I recall being skeptical in the seventies when the Seven Percent Solution came out as a novel and then as a film. In the seventies the hippie drug culture was still something new, and here was a claim that the very brainy Sherlock Holmes used cocaine recreationally. I just figured it was from someone trying to cash in on hippies.
My experience with Holmes stories had been mostly from a collection entitled The Boys’ Sherlock Holmes. Some of those stories I realize now had been edited to pare down some of the chitchat but also to get rid of the drug references. My understanding is that some American versions were also abridged by American publishers.
This collection does contain several stories which describe Holmes’ use of cocaine. Watson expresses his concern over this in a friendly bedside manner. There is also a sense that Holmes may be manic or bipolar. When he is not on a case, he gets depressed easily; however, that could also be caused by mere idleness.
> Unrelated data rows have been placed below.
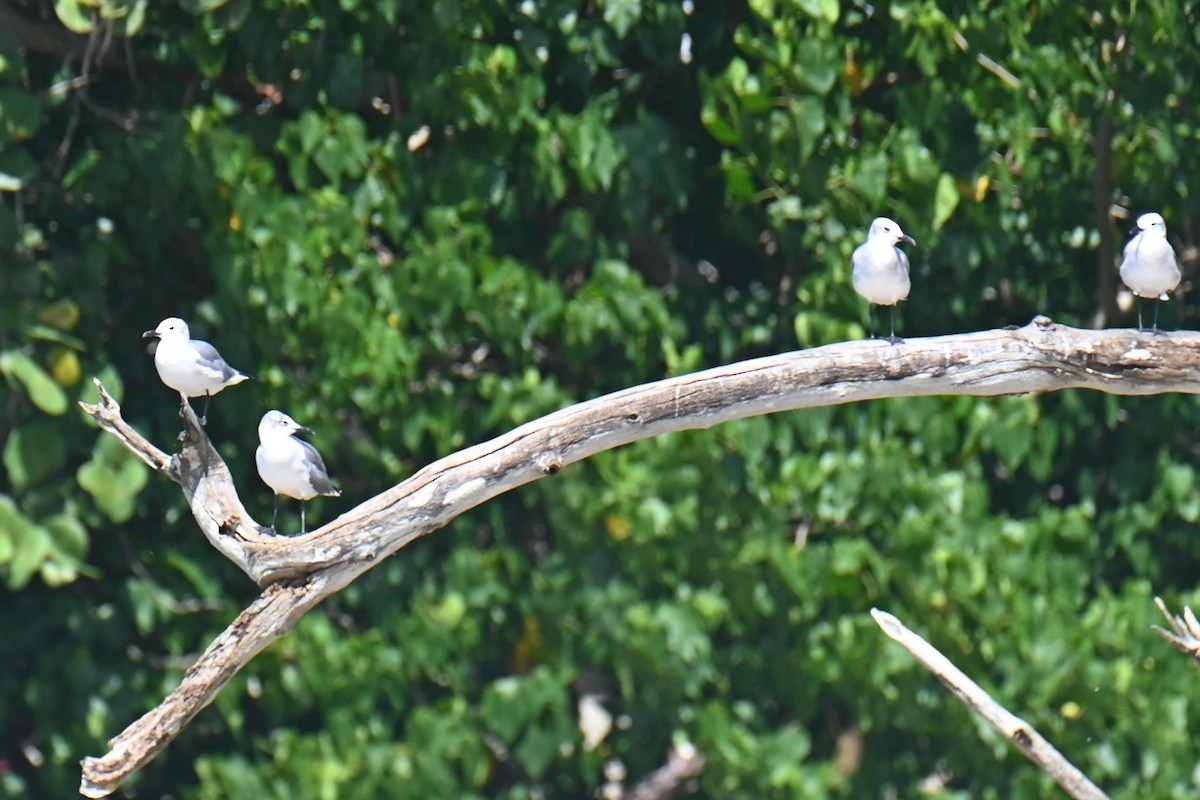 Laughing Gull - ML611090557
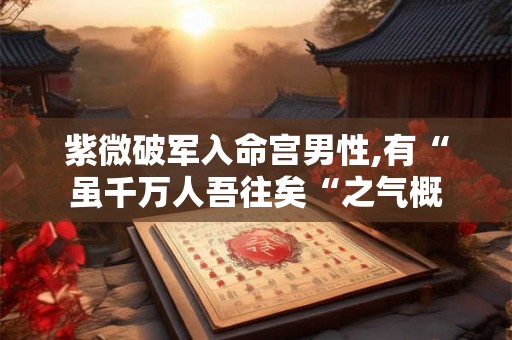 紫微破军入命宫男性,有“虽千万人吾往矣“之气概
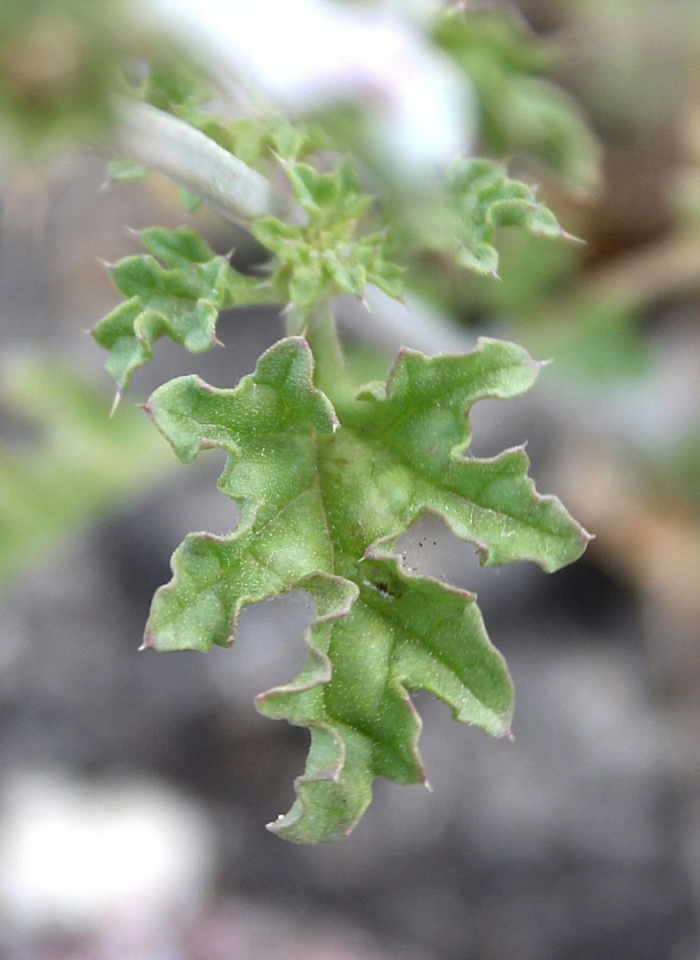 Atriplex sagittata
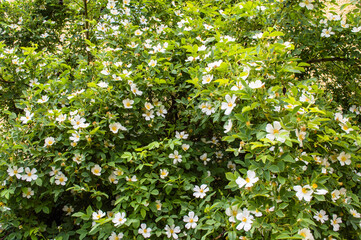 White Wild rose flower aka Rosa acicularis or prickly wild rose or prickly rose or bristly rose or Arctic rose or Rosa canina flower. Rogaska Slatina,Slovenia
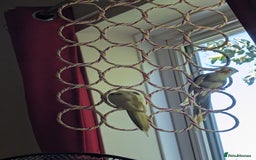 Cockatiels birds for sale: Bonded pair of cockatiels  - Image 3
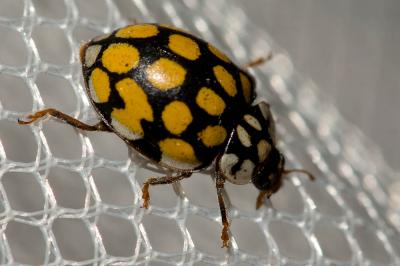  Sospita vigintiguttata (Linnaeus, 1758)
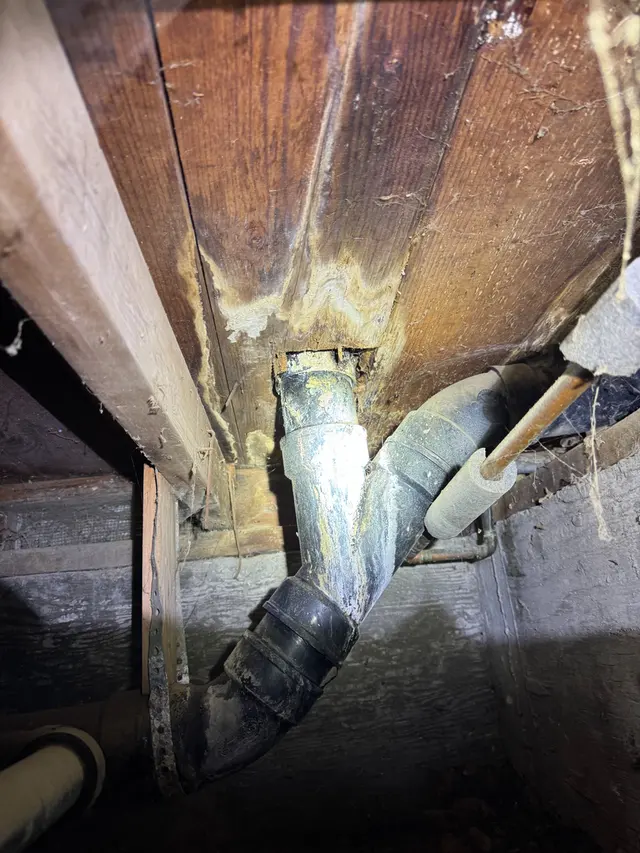 Reliable Termite Solutions — photo from the business 4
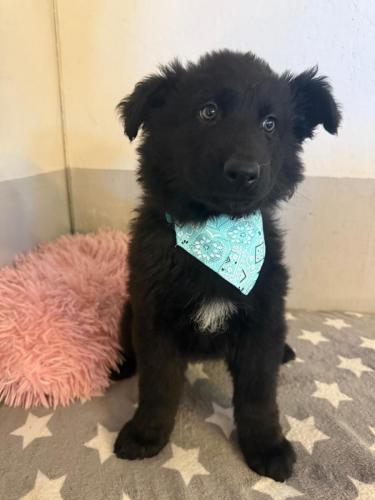 WhatsApp-Image-2026-02-02-at-13.25.34-2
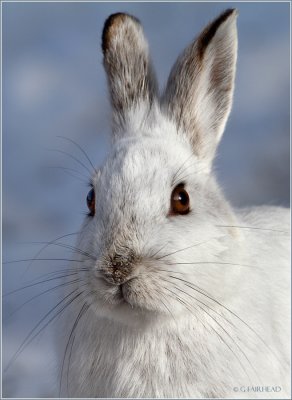 Eyes/Wiskers/Ears//Snowshoe Hare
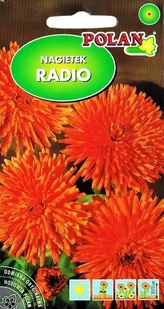 Nagietek Radio pomarańczowy 3 g POLAN - Nasiona i cebule - miniaturka - grafika 1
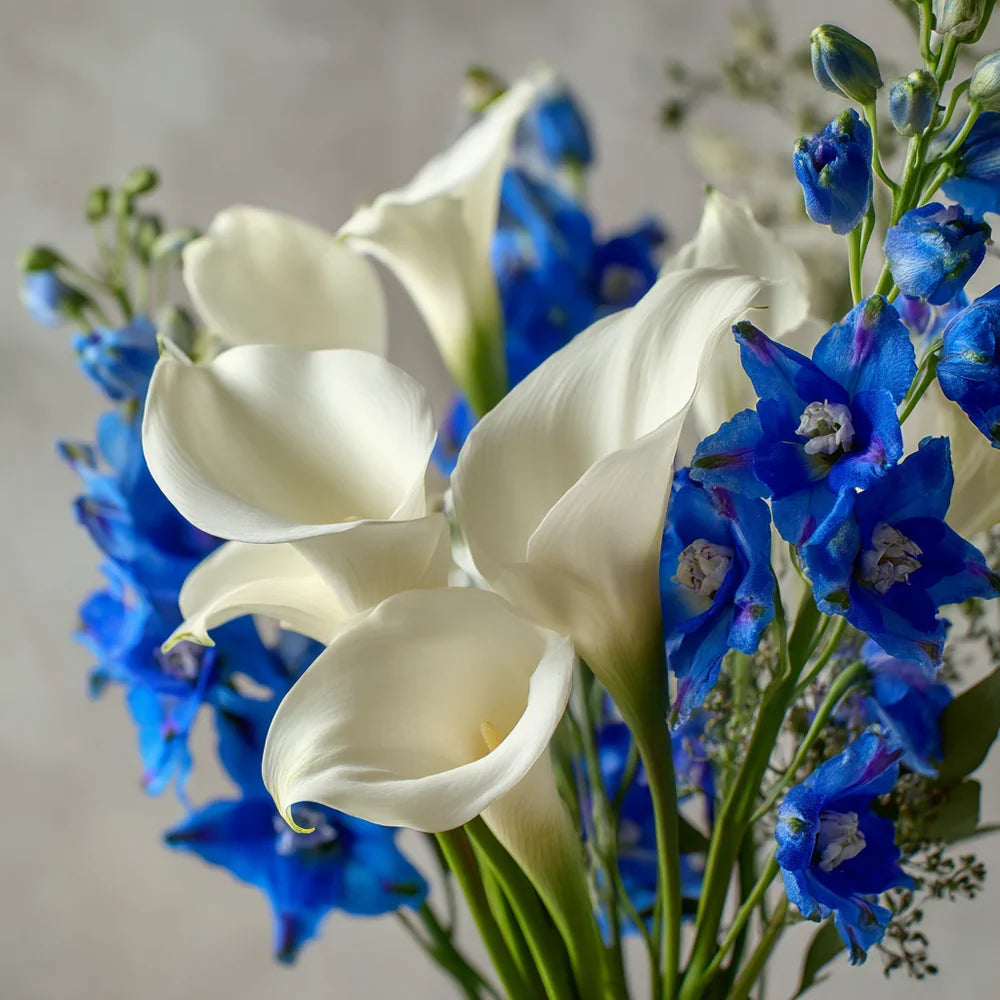 Blue and White Joy Fleur Concept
Because this is a Kindle edition, there is one thing lacking in this collection. None of the drawings which contribute to the stories are included. I seem to recall a drawing in “The Sign of the Four” of the letter the Four signed in one edition I read. The most glaring omission is the dancing men in “The Adventure of the Dancing Men.” These were simple stick figures used in a secret code. The original had the various messages using the code drawn in the text. Perhaps a reader could solve the mystery with Holmes. In this edition there is simply a blank spot where the pictures should go.
As is often the case with low-cost and public domain e-books, there are a handful of typographical errors, nothing major. The only one that puzzled me was in The Hound of the Baskervilles when Holmes referred to a “bogie hound.” An Englishman would have recognized immediately that it should have been “bogle hound.” A bogle in England is a ghost, goblin, or scarecrow. It is a very precise word in this instance.
I found one thing a bit curious myself. Three times in all the stories do we see Watson’s first name. Twice it is John. Once it is James. We are told in the Wikipedia entry at the back of the book that Doyle had a friend named Dr. James Watson. Perhaps in “The Man with the Twisted Lip,” Doyle was thinking of him. He is John in the subtitle of a collection and in “The Problem of Thor Bridge”—an effective story in which this reader confesses that he missed a couple of significant clues.
Still, have fun. Relax. Be amazed. Sherlock is guaranteed to entertain and get his readers to think.